_Required action_.
Every line holding "Pool" should be copied from the records below.

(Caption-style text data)
········
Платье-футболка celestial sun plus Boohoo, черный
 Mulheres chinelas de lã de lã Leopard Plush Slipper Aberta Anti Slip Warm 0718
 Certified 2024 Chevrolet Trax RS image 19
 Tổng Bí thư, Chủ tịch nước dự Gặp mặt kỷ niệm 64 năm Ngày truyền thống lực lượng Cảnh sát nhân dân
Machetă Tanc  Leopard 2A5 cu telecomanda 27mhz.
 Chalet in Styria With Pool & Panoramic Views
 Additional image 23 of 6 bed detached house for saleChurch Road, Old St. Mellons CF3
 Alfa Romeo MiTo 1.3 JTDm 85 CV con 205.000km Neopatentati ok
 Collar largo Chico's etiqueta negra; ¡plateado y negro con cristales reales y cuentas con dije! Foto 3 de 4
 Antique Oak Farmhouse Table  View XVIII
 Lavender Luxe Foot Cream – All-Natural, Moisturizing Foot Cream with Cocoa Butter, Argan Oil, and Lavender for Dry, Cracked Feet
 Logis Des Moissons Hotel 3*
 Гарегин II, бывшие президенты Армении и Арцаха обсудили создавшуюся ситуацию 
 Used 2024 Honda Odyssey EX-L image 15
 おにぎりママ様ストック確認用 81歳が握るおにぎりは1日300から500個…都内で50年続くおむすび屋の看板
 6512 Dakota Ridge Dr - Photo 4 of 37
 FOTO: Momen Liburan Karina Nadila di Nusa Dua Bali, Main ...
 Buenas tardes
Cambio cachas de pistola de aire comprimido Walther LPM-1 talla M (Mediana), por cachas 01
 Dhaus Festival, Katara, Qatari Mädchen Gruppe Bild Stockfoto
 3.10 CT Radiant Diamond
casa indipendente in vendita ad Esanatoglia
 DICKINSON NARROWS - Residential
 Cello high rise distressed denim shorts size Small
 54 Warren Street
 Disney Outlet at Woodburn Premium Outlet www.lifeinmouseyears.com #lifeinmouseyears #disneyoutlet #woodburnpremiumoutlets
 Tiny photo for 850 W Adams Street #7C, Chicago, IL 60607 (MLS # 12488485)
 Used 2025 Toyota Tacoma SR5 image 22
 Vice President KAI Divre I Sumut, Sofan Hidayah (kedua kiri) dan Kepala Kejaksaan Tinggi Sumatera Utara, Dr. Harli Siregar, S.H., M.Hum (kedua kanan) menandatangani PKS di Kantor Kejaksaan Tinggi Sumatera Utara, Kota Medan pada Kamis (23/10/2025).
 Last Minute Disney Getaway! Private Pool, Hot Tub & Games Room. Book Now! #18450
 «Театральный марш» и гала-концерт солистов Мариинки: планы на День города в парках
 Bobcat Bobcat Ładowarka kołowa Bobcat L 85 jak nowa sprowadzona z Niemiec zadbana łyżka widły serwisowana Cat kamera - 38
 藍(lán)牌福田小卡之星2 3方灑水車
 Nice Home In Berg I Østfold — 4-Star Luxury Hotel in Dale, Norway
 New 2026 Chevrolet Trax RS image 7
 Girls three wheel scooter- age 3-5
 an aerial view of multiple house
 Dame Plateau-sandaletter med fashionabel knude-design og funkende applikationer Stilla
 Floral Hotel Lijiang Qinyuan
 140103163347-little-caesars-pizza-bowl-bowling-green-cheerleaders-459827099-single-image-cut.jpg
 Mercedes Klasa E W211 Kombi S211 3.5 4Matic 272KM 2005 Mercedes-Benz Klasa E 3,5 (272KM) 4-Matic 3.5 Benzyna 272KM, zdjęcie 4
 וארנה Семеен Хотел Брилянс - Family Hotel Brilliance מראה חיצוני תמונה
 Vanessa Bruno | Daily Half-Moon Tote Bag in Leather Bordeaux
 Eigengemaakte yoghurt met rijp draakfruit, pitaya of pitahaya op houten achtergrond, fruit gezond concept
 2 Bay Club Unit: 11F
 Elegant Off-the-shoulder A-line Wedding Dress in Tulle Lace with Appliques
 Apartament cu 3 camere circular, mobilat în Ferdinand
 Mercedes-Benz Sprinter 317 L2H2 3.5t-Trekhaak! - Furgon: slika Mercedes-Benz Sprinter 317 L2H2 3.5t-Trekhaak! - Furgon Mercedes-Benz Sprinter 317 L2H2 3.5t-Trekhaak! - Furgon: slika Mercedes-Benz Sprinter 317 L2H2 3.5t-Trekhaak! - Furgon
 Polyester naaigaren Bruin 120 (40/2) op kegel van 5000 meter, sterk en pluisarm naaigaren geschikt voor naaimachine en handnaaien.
········
_Response area_.
 Chalet in Styria With Pool & Panoramic Views
 Last Minute Disney Getaway! Private Pool, Hot Tub & Games Room. Book Now! #18450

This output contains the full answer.